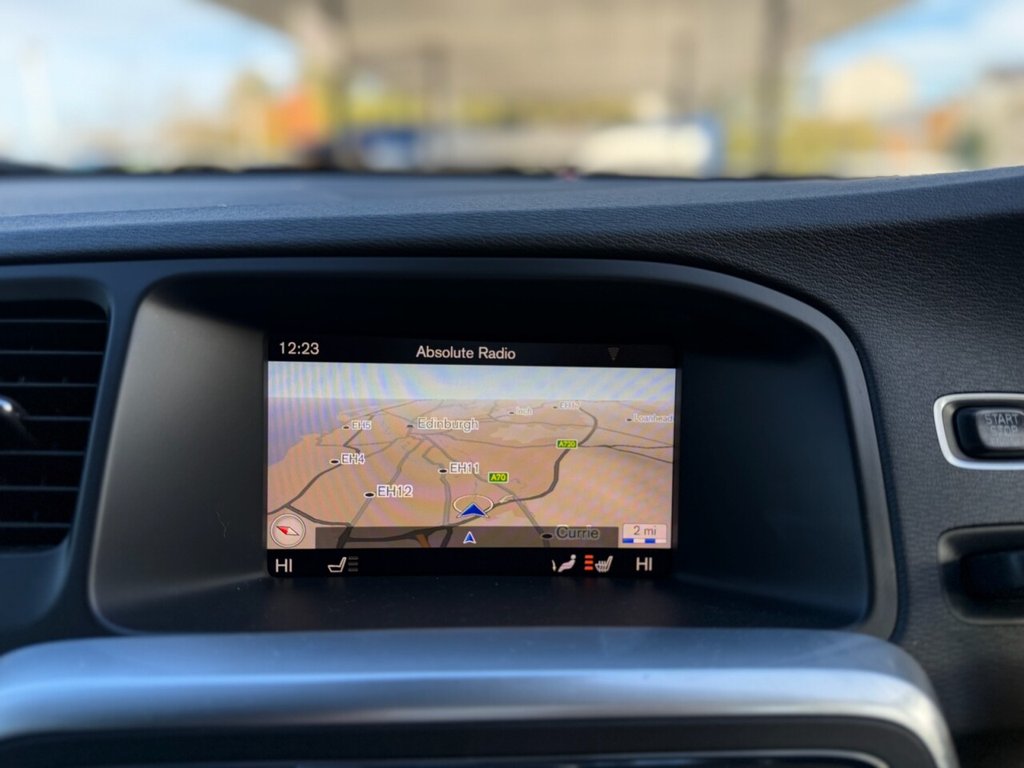 Used Volvo V60 Cross Country 2017 for sale - 76356099: Photo 25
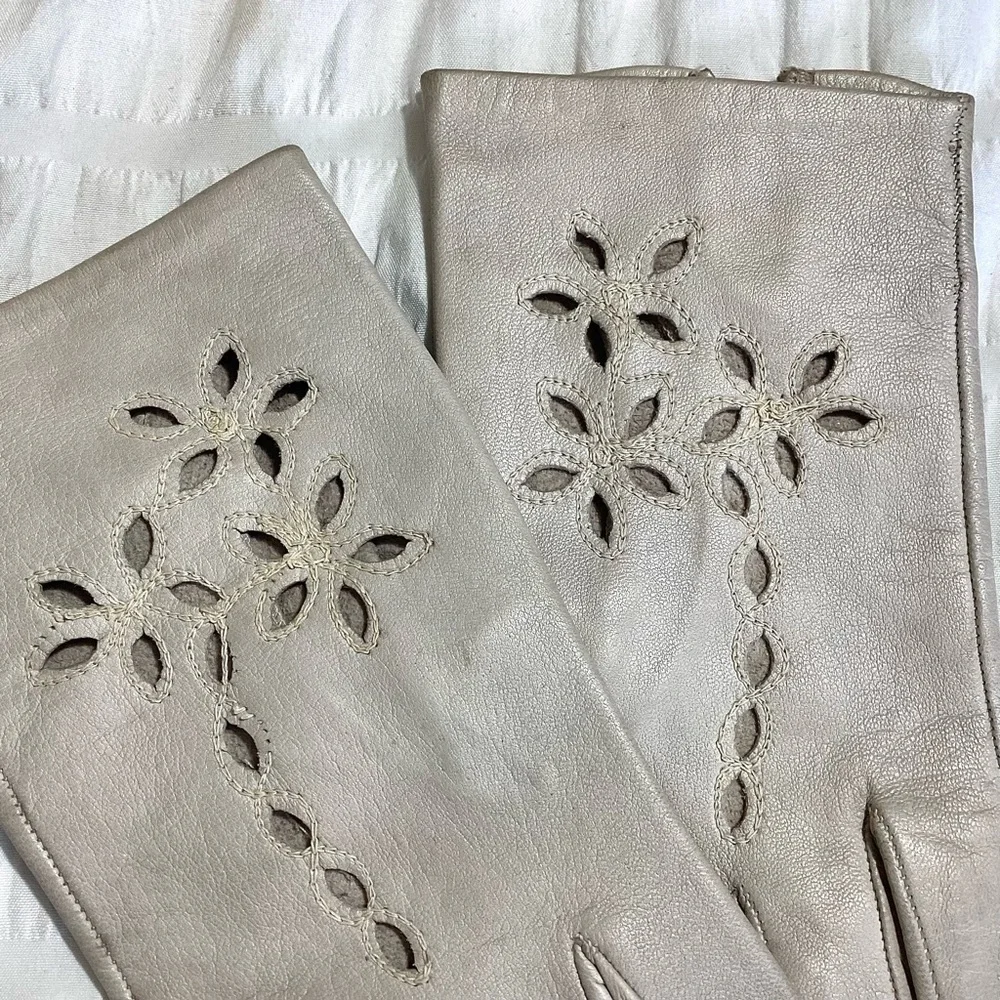 Womens Vtg Set Of Gloves Small Eyelet Cutout Leather & French Knot Fabric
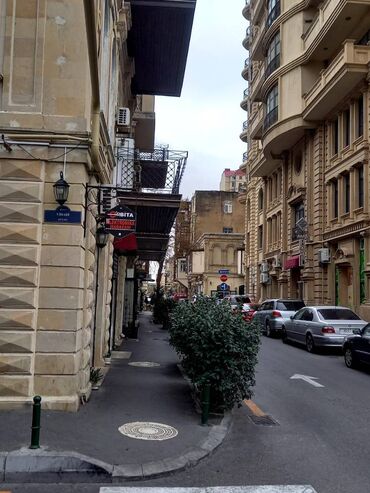 Digər kommersiya daşınmaz əmlakı: Yasamal rayonu torqovıy ərazisində,sahəsi 17 kv/m olan, 1 otağlı -da lalafo.az — 8 Digər kommersiya daşınmaz əmlakı: Yasamal rayonu torqovıy ərazisində,sahəsi 17 kv/m olan, 1 otağlı — 8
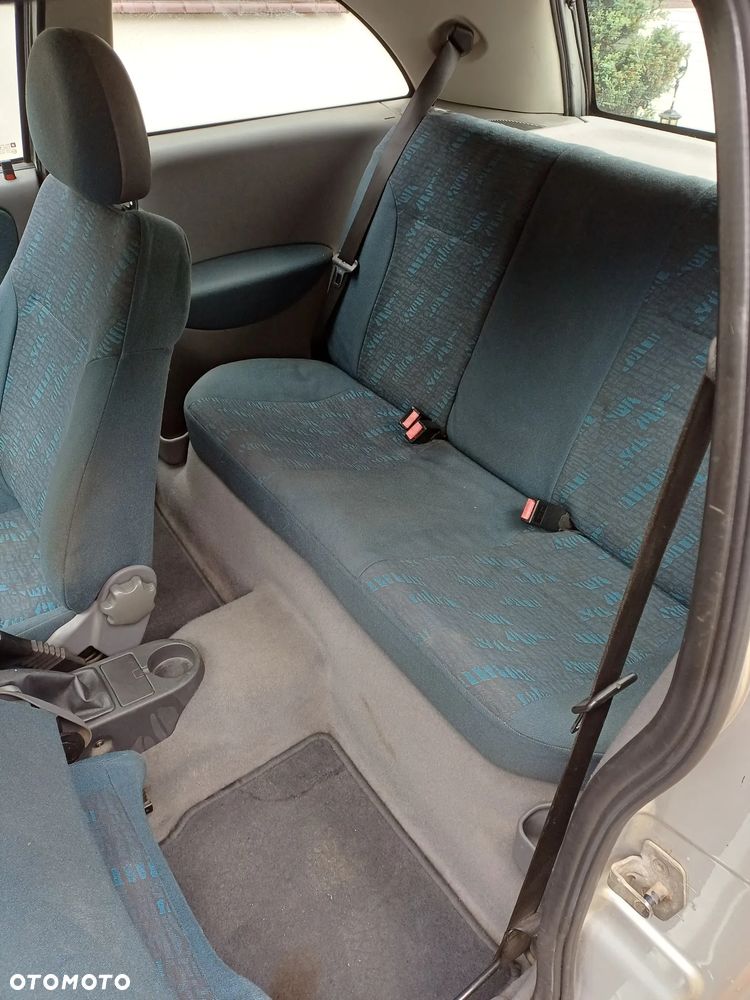 Opel Corsa 1.7 DTI Comfort - 9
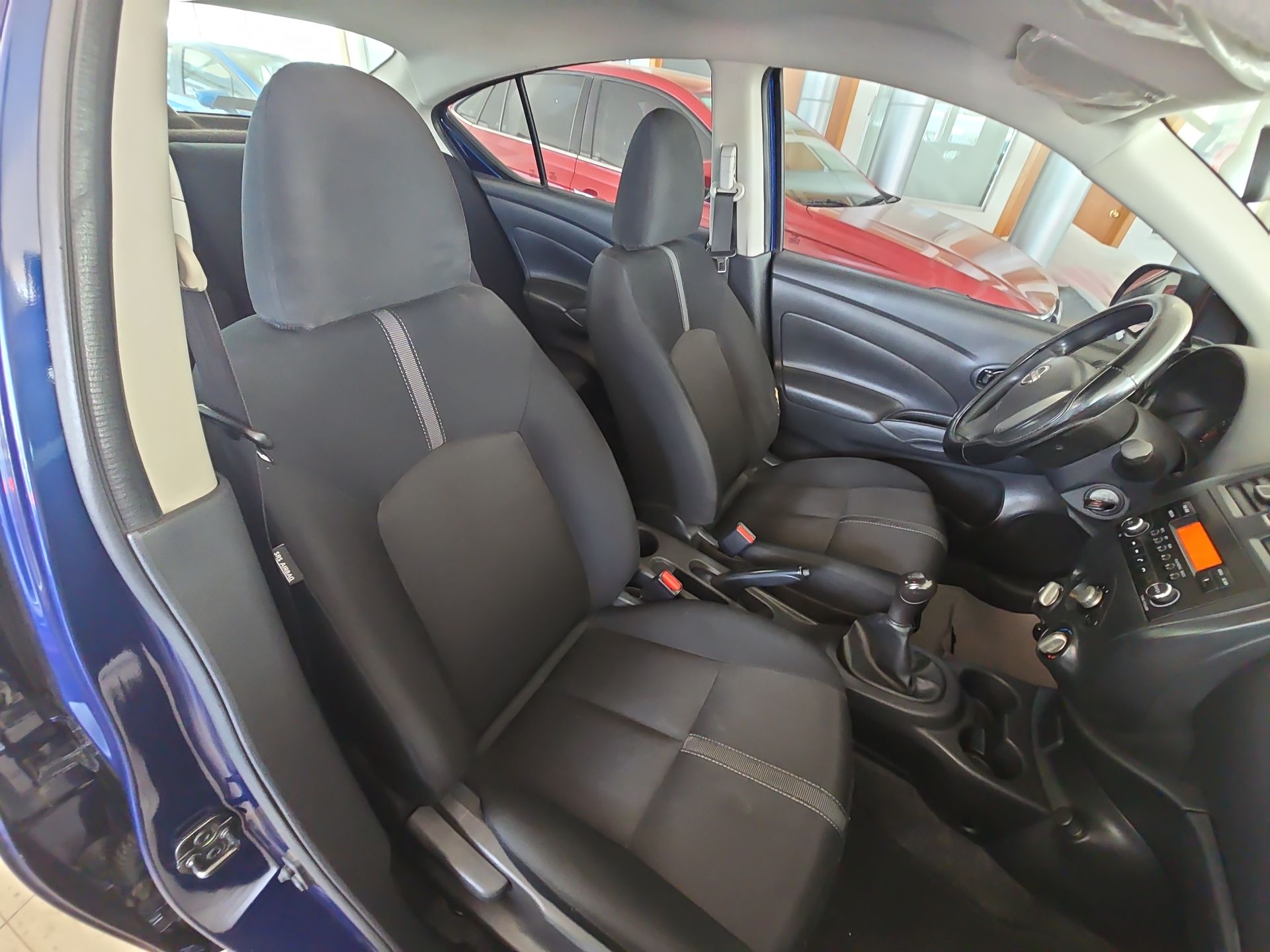 2024 Nissan V-Drive 4p L4/1.6 Man Audio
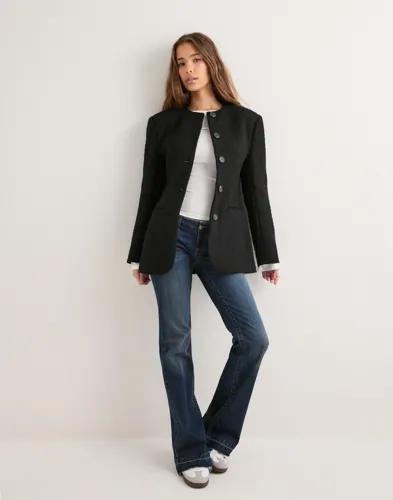 Malina - Svart - Carol Fitted Round Neck Blazer 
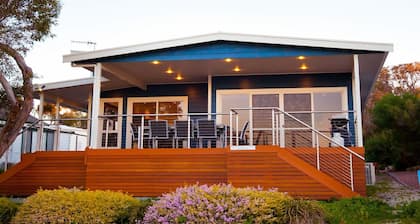 Angasi is one of Coffin Bay's premium properties in a very sought after location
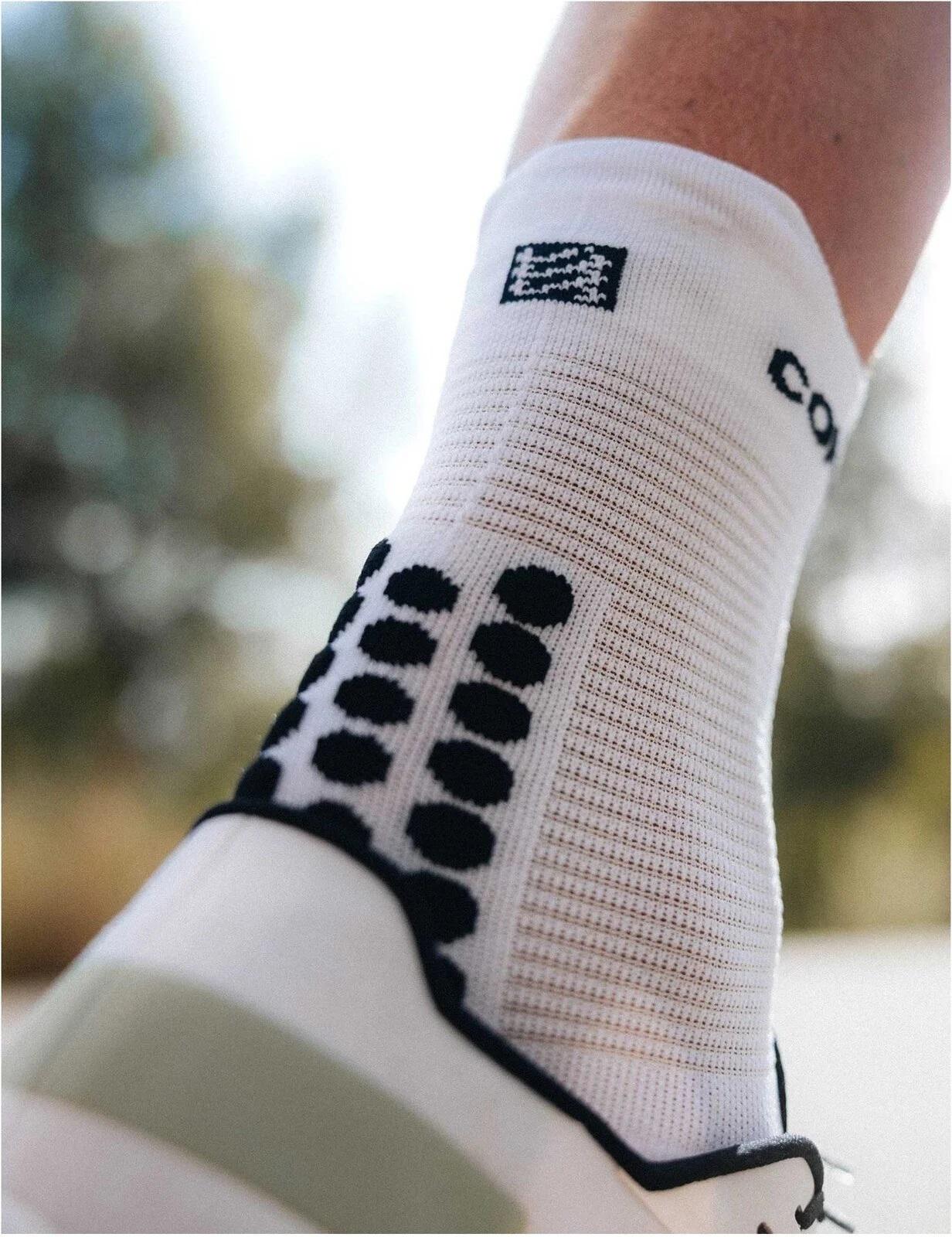 Шкарпетки Compressport Pro Racing Socks V4.0 Run High T2 White/Black - фото 5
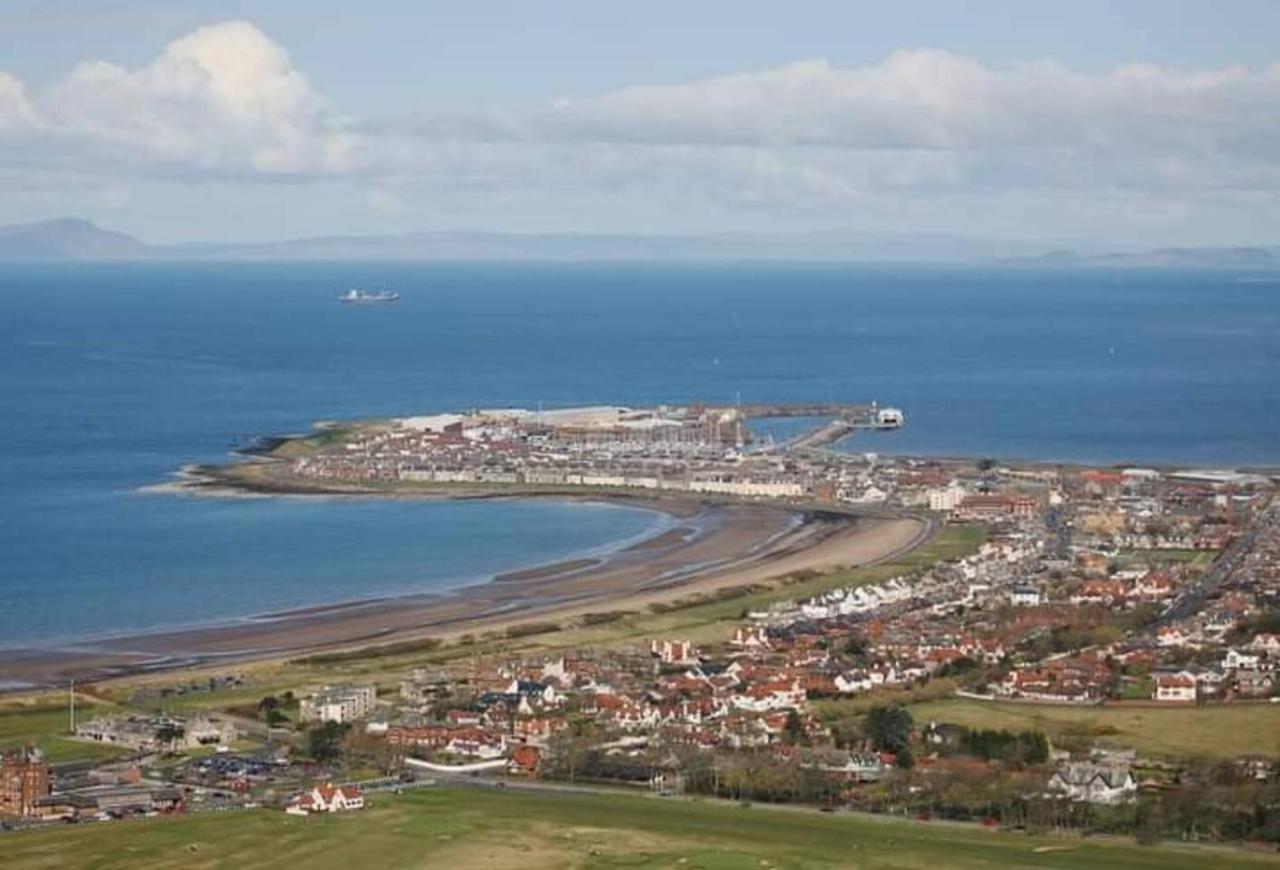 Marina View Lovely Upper 3 Bedroom Apartment Troon Exterior photo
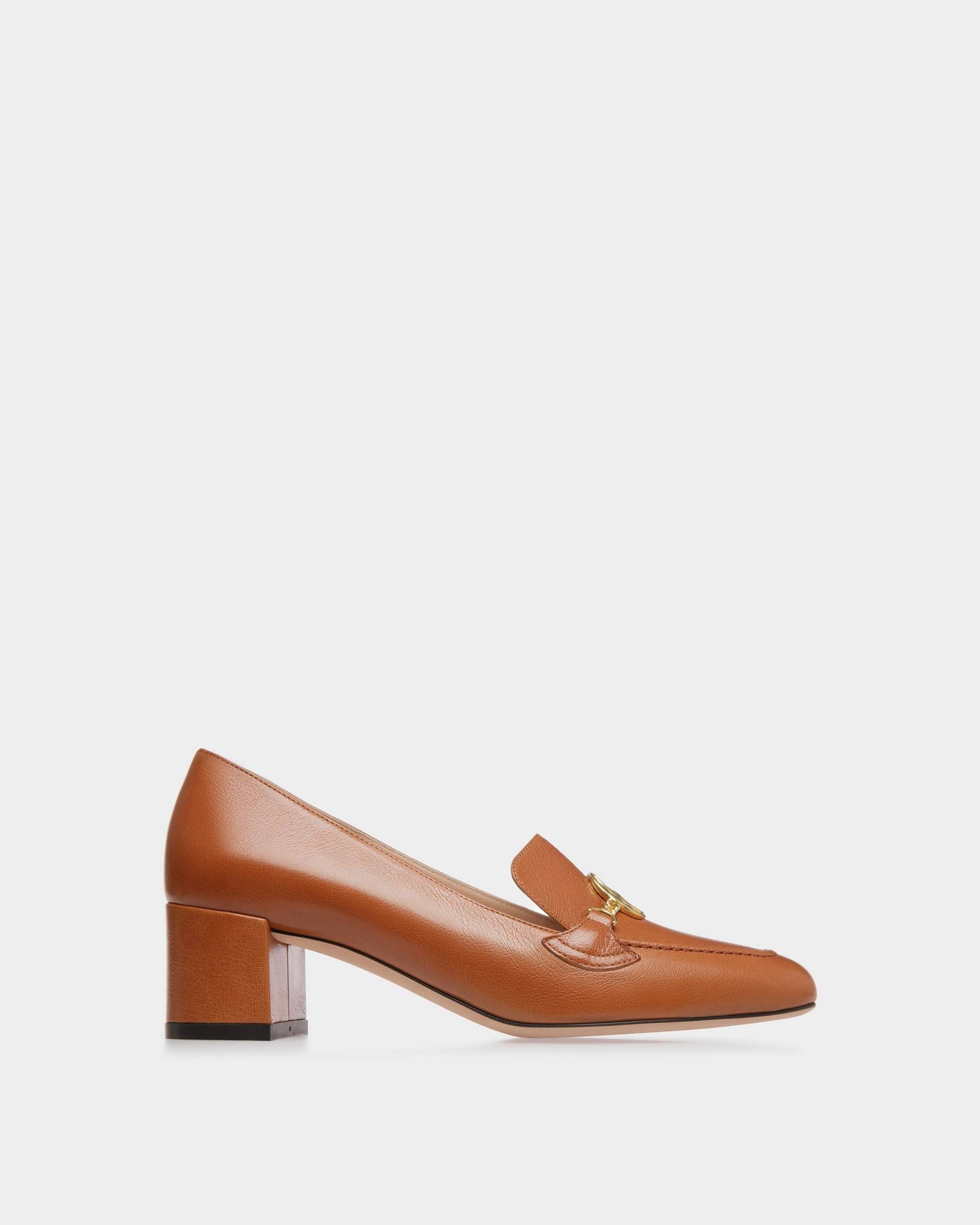 Women's Emblem Pumps In Brown Leather | Bally | Still Life Side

—————

EXERCISE DESCRIPTION: Would you set down each line of the data exactly, with no images included?

TASK RESULT:
 Used Volvo V60 Cross Country 2017 for sale - 76356099: Photo 25
 Womens Vtg Set Of Gloves Small Eyelet Cutout Leather & French Knot Fabric
 Digər kommersiya daşınmaz əmlakı: Yasamal rayonu torqovıy ərazisində,sahəsi 17 kv/m olan, 1 otağlı -da lalafo.az — 8 Digər kommersiya daşınmaz əmlakı: Yasamal rayonu torqovıy ərazisində,sahəsi 17 kv/m olan, 1 otağlı — 8
 Opel Corsa 1.7 DTI Comfort - 9
 2024 Nissan V-Drive 4p L4/1.6 Man Audio
 Malina - Svart - Carol Fitted Round Neck Blazer 
 Angasi is one of Coffin Bay's premium properties in a very sought after location
 Шкарпетки Compressport Pro Racing Socks V4.0 Run High T2 White/Black - фото 5
 Marina View Lovely Upper 3 Bedroom Apartment Troon Exterior photo
 Women's Emblem Pumps In Brown Leather | Bally | Still Life Side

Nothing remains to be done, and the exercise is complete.